会社法とは
現在会社は会社法という法律により株式会社設立がされます。これは、商法の一部や有限会社法など散在していた会社に関する法律を廃止して、会社法として一本化した法律です。
また、現在の経済事情に合わせて大幅な改正も行われており、この法律により株式会社が、より設立、運営しやすくなりました。
会社法と小規模企業
本来、株式会社というのは株式公開をする大企業向けの組織形態なんですが、実際は有限会社より株式会社の方がカッコよくね?ということで株式会社を設立する小規模企業も多く、実態として有限会社と差のない株式会社が増えていきました。このような状態を踏まえて、だったら有限会社制度やめちゃえ~ということで株式会社制度に一本化することにしました。
加えて新会社法では、株式会社でありながら現行の有限会社に近い簡易な会社運営方法を選択できる余地を残しています。(すなわち、実体は株式会社ですが有限会社ベースでの簡易さで会社運営が可能ということです。)
会社法での設立についてのメリット
有限会社制度の廃止
残念ですが平成18年に会社法が施行されて有限会社はつくれなくなり、新会社法施行日後は特例有限会社として存続するか、株式会社に移行することになりました。有限会社は作れなくなりました。
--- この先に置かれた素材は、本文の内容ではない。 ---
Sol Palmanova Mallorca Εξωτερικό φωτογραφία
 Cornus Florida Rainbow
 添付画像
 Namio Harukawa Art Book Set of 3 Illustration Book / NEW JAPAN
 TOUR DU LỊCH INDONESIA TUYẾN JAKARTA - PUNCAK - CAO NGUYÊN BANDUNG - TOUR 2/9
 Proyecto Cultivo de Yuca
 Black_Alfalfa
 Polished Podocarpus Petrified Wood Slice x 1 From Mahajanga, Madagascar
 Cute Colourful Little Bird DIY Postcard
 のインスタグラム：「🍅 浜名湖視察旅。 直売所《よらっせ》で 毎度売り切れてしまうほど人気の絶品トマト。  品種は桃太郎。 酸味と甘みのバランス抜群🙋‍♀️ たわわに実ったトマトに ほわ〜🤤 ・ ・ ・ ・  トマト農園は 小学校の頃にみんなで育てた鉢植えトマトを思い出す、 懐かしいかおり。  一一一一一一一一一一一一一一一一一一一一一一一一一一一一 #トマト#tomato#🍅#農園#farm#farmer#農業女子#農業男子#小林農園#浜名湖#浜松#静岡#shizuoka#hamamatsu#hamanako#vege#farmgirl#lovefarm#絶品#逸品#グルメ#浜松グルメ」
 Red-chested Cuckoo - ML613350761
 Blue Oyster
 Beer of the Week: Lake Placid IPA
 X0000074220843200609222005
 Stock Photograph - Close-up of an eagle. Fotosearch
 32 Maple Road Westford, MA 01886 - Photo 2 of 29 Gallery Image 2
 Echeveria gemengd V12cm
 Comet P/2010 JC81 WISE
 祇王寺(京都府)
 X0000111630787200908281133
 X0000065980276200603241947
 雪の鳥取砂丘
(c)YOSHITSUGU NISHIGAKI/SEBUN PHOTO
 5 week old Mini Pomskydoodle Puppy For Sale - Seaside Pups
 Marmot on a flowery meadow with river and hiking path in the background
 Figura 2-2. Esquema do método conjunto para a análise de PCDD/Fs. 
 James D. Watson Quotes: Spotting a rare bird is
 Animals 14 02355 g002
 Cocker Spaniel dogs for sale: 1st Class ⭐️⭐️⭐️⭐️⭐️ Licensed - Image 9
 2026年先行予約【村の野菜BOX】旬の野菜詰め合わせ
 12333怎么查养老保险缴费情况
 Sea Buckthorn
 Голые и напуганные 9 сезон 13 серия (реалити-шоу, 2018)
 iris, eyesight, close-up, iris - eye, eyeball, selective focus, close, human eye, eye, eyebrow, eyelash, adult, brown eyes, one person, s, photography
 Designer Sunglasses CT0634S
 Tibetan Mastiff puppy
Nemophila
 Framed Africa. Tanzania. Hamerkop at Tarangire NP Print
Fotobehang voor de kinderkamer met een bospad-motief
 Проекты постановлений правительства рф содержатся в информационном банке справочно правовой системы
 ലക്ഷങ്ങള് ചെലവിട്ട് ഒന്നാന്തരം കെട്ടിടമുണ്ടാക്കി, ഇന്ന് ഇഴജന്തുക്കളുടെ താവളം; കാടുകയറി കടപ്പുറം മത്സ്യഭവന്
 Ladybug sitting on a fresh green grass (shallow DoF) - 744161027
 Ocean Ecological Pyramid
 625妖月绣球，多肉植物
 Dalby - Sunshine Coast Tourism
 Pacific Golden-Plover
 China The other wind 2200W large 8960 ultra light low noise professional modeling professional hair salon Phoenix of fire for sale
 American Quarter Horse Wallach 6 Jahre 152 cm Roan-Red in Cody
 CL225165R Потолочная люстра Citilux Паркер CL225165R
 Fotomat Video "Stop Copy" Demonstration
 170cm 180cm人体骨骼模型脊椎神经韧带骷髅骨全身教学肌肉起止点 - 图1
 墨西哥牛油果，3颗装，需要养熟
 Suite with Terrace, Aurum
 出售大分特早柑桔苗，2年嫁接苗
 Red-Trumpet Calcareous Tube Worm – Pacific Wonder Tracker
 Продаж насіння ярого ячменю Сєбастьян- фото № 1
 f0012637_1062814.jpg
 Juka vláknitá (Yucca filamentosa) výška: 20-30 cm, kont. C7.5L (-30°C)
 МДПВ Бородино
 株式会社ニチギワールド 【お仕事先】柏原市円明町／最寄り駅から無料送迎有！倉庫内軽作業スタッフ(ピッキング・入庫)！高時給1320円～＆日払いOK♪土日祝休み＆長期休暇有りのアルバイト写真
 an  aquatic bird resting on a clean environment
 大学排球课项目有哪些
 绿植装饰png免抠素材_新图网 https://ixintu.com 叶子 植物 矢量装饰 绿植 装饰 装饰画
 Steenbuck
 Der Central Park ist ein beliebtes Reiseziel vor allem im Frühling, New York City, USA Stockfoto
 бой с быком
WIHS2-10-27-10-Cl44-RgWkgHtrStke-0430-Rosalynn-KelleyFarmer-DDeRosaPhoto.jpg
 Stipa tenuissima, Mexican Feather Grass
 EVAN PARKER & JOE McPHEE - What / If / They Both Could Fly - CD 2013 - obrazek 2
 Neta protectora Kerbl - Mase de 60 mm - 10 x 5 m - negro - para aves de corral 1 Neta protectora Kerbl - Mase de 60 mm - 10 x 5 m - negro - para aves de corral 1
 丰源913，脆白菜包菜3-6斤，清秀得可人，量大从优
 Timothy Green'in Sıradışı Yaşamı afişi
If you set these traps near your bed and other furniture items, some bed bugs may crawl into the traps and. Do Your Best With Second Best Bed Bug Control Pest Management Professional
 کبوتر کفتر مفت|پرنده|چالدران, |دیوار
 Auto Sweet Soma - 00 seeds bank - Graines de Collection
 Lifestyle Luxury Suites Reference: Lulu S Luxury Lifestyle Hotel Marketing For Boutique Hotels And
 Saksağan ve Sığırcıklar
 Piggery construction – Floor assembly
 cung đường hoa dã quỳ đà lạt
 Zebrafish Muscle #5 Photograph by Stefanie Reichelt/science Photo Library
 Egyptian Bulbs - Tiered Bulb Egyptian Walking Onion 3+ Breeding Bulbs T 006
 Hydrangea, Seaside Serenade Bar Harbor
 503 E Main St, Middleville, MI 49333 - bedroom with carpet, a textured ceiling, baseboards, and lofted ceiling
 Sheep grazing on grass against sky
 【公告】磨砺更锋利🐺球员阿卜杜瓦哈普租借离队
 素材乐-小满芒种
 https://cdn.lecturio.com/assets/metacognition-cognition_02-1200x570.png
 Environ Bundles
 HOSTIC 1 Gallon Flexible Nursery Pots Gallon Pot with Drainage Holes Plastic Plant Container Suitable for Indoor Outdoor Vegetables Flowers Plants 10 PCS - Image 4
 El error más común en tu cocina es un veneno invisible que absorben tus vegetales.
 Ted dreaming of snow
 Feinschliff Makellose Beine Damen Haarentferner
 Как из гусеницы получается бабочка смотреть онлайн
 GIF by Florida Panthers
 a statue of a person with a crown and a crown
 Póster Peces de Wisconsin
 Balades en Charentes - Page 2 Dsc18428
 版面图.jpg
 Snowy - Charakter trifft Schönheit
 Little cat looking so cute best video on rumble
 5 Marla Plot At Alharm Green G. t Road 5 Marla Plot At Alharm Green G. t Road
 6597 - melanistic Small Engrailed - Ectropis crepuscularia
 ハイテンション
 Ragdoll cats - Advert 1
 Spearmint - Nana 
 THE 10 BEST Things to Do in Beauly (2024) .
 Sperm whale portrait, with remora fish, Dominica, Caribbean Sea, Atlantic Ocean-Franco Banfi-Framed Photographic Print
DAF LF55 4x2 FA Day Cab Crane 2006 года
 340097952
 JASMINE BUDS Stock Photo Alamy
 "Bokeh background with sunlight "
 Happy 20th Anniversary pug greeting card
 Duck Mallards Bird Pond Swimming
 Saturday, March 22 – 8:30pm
現在有限会社を名乗っている会社はこのまま存続していけば有限会社というネーム自体が会社の長期経営の信用を表すツールになるでしょうね
最低資本金制度の撤廃
債権者保護の観点から設けられていた最低資本金制度が撤廃され、1円からの会社設立が可能となります。新会社法施行後は財産的基盤の脆弱な株式会社が多く立ち上がるでしょうから、相手をよく知っての取引が必要でしょう。
類似商号規制の廃止
類似商号規制が廃止され、目的についても柔軟な記載が可能となります。
払込金保管証明書の廃止
発起設立の場合について、払込金保管証明が不要となり、銀行の残高通帳コピーでよいことになります。
役員数1名から設立可能
現行法では取締役3名以上、監査役1名以上必要でしたが、役員1名からの設立が可能となりました。(名目的な取締役、監査役が不要となり報酬コストなどの削減が可能となります。)
運営についてのメリット
取締役の任期が10年まで伸長可能
現行法では原則2年までですが、株式譲渡制限会社では10年まで伸長可能となりました。(役員改選ごとに行なっていた登記コストの削減が可能となります。)ただし、任期を長くした場合、任期途中で役員を辞めてもらったりすると残任期間について報酬の損害賠償請求されるかも知れないとの事です。
相続や合併などにより株を取得した者に対して、会社が株の売り渡し請求が可能
会社運営に対して好ましくない者が株主になることを、防止できます。たとえば、兄弟で会社経営していたとして、兄が亡くなった場合、その兄のドラ息子に株式が渡ることを防ぐことができるということです。
会社の機関設計の柔軟化、会計参与制度の導入
取締役会、監査役、会計参与(会社法で新しく導入)、会計監査人など会社の実情に合わせ柔軟な機関設計が可能となります。
その他
その他に、取締役会の書面決議が可能、インターネット公告が可能、株主総会の開催地制限の廃止、開催手続や決議が簡略化、議決権や配当について株主ごとに異なる取扱が可能、社債が発行しやすく、株券不発行が原則など、会社法を上手に利用すれば中小株式会社のスリム化、コスト削減、経営の安定化、意思決定のスピードアップなど考えられます。
ただし、会社法の恩恵を受けるには、特例有限会社は株式会社に移行する、株式会社は定款の変更(変更内容によっては登記も必要)や株主総会の決議など一定の手続が必要です。